Nguyen, Trang Quynh; Schmid, Ian; Ogburn, Elizabeth L; Stuart, Elizabeth A.
Afiliação
  • Nguyen TQ; Department of Mental Health, Johns Hopkins Bloomberg School of Public Health, Baltimore, MD, USA.
  • Schmid I; Department of Mental Health, Johns Hopkins Bloomberg School of Public Health, Baltimore, MD, USA.
  • Ogburn EL; Department of Biostatistics, Johns Hopkins Bloomberg School of Public Health, Baltimore, MD, USA.
  • Stuart EA; Department of Mental Health, Johns Hopkins Bloomberg School of Public Health, Baltimore, MD, USA.
J Causal Inference ; 10(1): 246-279, 2022 Jan.

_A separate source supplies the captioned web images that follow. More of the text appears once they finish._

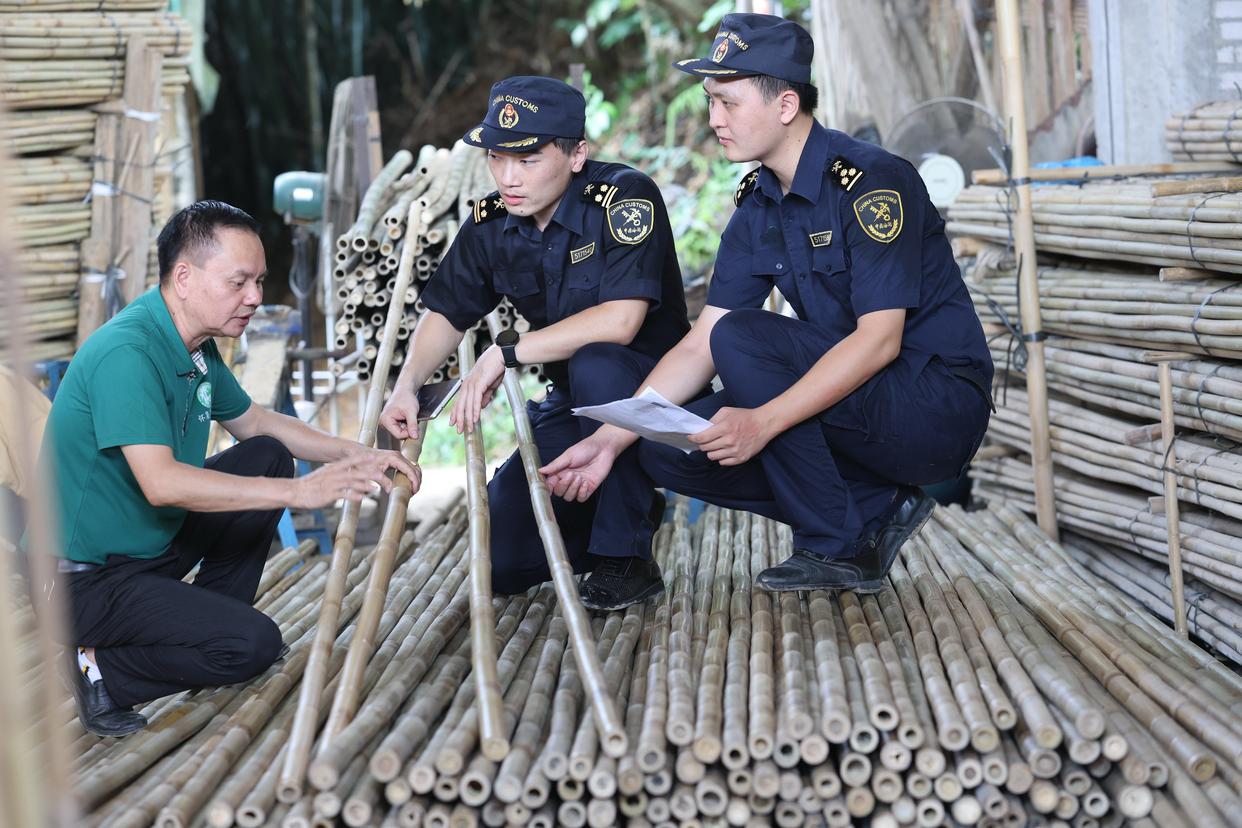 Customs officers review bamboo products during Zhaoqing trade facilitation reform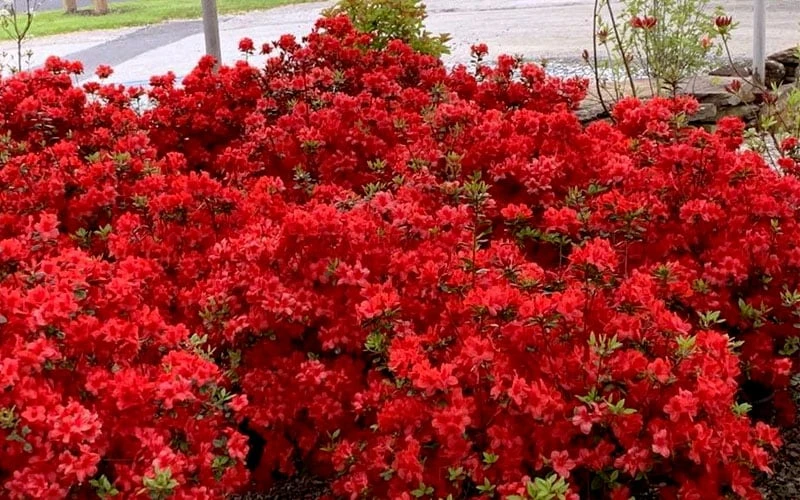 Stewartstonian Azalea - 1 Gallon Pot - Image 6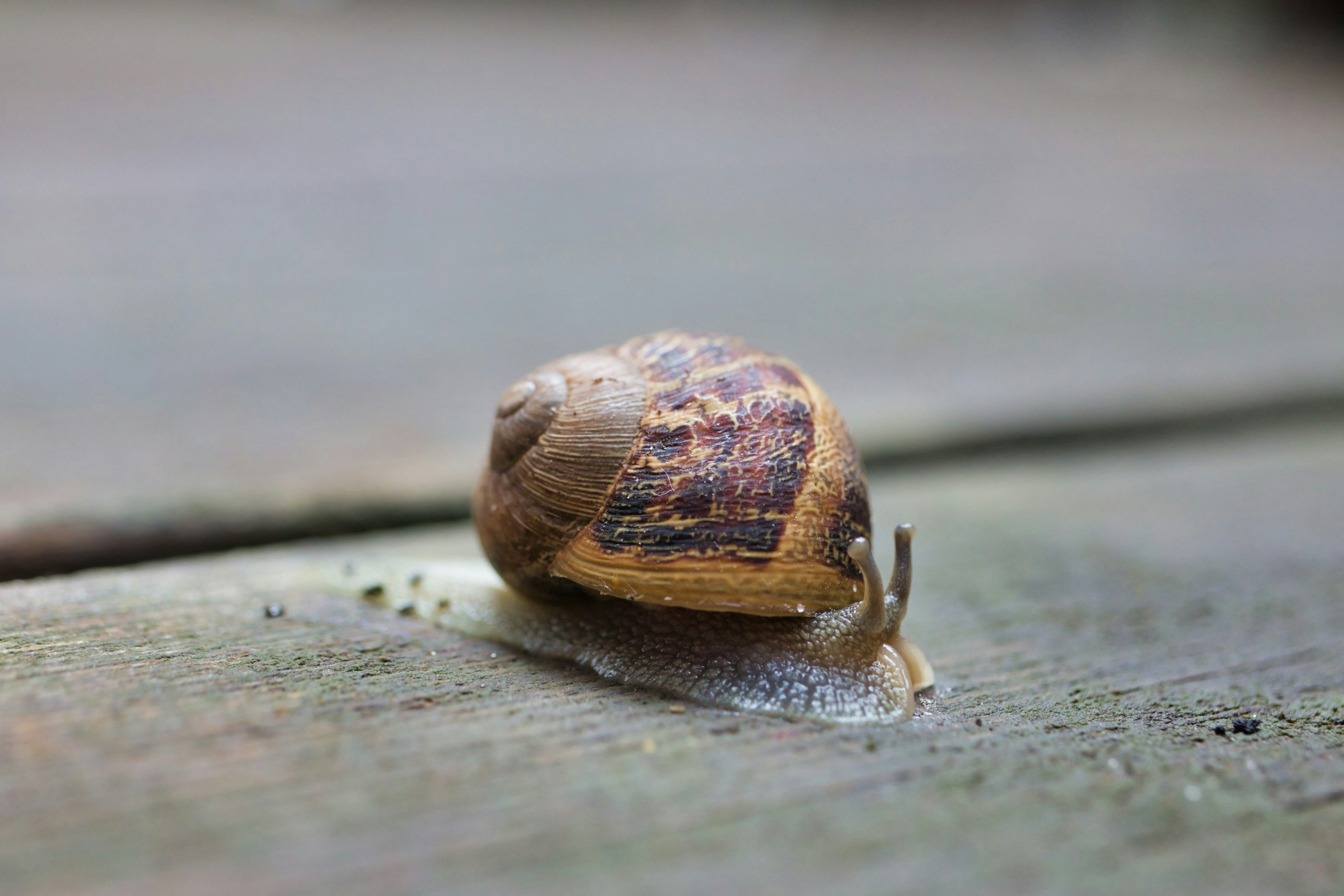 photo 1556746754 b19a2790db03?ixlib=rb 4.0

Article em En | MEDLINE | ID: mdl-38720813
ABSTRACT
Causal mediation analysis is complicated with multiple effect definitions that require different sets of assumptions for identification. This article provides a systematic explanation of such assumptions. We define five potential outcome types whose means are involved in various effect definitions. We tackle their mean/distribution's identification, starting with the one that requires the weakest assumptions and gradually building up to the one that requires the strongest assumptions. This presentation shows clearly why an assumption is required for one estimand and not another, and provides a succinct table from which an applied researcher could pick out the assumptions required for identifying the causal effects they target. Using a running example, the article illustrates the assembling and consideration of identifying assumptions for a range of causal contrasts. For several that are commonly encountered in the literature, this exercise clarifies that identification requires weaker assumptions than those often stated in the literature. This attention to the details also draws attention to the differences in the positivity assumption for different estimands, with practical implications. Clarity on the identifying assumptions of these various estimands will help researchers conduct appropriate mediation analyses and interpret the results with appropriate caution given the plausibility of the assumptions.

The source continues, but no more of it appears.